---------- EXTRACTED DATA ----------

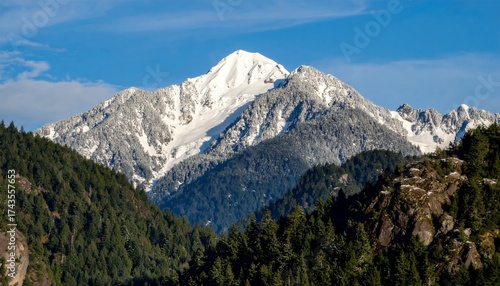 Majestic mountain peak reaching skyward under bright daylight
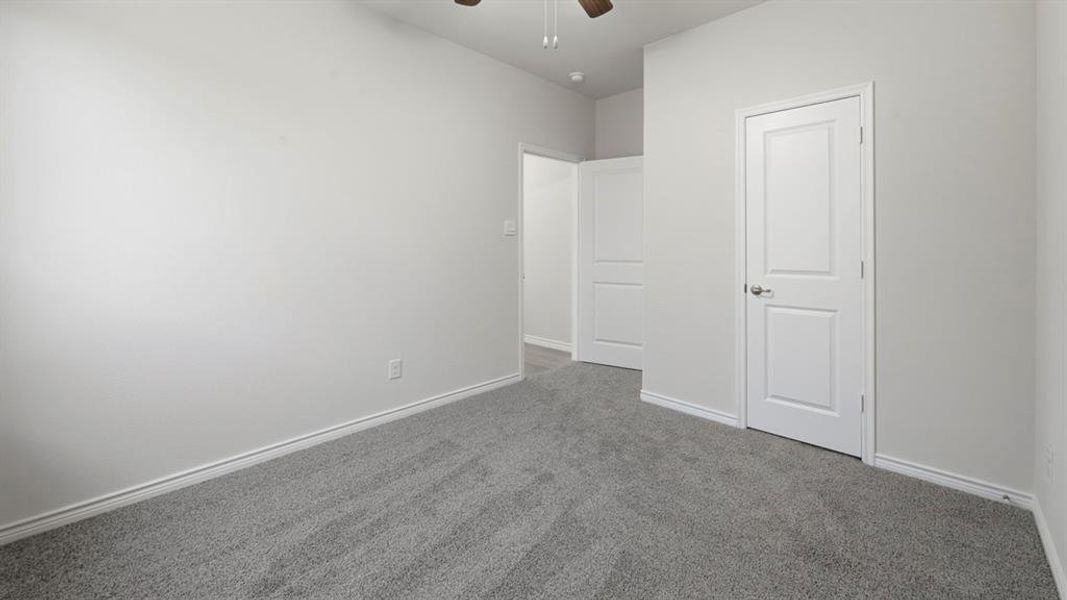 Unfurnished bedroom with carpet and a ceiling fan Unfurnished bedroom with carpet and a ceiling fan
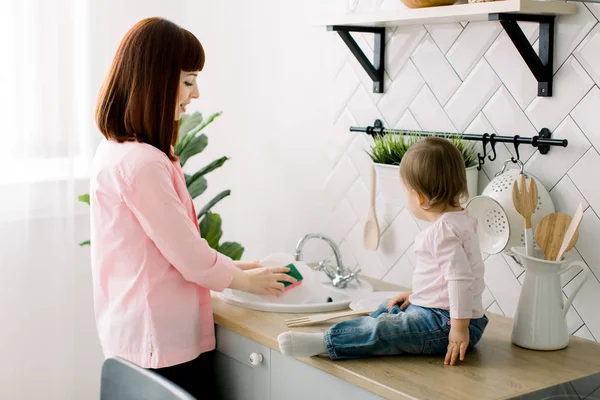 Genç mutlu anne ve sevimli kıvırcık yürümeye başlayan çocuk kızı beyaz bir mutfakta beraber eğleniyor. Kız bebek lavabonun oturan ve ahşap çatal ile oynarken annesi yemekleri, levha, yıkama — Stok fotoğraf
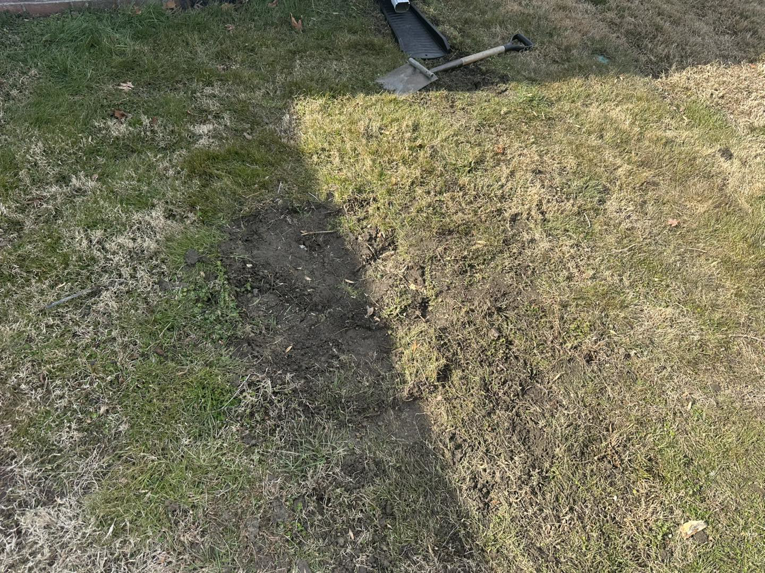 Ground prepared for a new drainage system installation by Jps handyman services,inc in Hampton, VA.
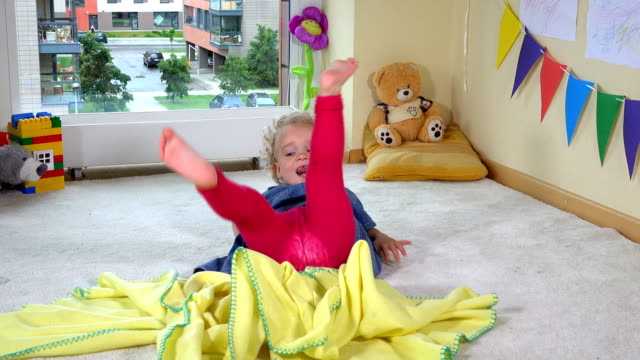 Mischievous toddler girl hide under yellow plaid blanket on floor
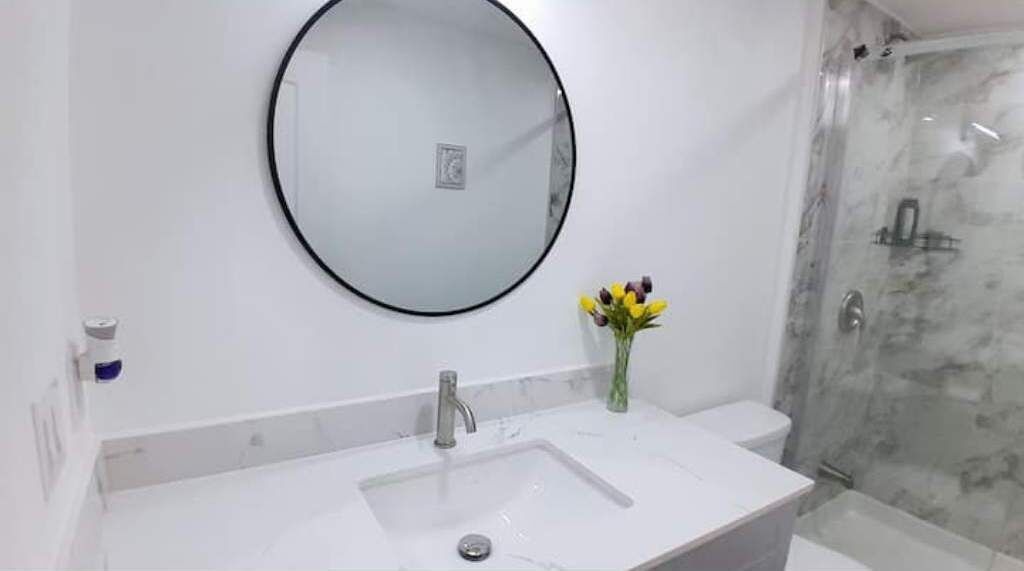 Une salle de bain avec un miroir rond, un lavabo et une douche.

----------

# WORK INSTRUCTIONS:
Would you please set down the data above again exactly, without its pictures?

# PROBLEM SOLUTION:
 Majestic mountain peak reaching skyward under bright daylight
 Unfurnished bedroom with carpet and a ceiling fan Unfurnished bedroom with carpet and a ceiling fan
 Genç mutlu anne ve sevimli kıvırcık yürümeye başlayan çocuk kızı beyaz bir mutfakta beraber eğleniyor. Kız bebek lavabonun oturan ve ahşap çatal ile oynarken annesi yemekleri, levha, yıkama — Stok fotoğraf
 Ground prepared for a new drainage system installation by Jps handyman services,inc in Hampton, VA.
 Mischievous toddler girl hide under yellow plaid blanket on floor
 Une salle de bain avec un miroir rond, un lavabo et une douche.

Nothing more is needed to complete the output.